(Exercise directions)
From the line containing "Portrait of a" to the last line of the listing below, repeat every line exactly, and output nothing else.

(Given records)
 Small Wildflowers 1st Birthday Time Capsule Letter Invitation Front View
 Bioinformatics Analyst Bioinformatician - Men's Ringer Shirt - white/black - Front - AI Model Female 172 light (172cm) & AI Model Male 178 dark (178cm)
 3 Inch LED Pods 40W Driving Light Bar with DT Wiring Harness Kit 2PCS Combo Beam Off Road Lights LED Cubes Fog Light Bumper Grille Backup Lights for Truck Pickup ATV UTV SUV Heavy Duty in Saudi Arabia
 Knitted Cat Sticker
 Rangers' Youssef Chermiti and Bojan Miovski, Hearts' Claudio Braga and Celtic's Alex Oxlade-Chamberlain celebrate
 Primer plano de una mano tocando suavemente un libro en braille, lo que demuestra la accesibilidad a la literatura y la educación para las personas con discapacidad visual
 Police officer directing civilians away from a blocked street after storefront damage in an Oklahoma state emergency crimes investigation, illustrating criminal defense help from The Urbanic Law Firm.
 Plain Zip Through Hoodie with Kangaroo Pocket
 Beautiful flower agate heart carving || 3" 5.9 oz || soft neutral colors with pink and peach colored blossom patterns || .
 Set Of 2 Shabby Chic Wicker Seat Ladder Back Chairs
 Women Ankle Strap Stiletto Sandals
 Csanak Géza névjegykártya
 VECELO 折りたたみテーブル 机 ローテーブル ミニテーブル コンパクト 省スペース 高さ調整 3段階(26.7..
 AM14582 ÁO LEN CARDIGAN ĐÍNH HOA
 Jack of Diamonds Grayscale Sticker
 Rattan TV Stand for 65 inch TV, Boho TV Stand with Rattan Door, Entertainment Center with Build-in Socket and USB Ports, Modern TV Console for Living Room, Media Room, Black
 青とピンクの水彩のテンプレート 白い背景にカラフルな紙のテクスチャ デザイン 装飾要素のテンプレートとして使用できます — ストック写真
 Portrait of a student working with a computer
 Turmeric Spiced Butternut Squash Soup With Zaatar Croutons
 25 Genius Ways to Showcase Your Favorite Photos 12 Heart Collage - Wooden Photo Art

(Answer space)
 Portrait of a student working with a computer
 Turmeric Spiced Butternut Squash Soup With Zaatar Croutons
 25 Genius Ways to Showcase Your Favorite Photos 12 Heart Collage - Wooden Photo Art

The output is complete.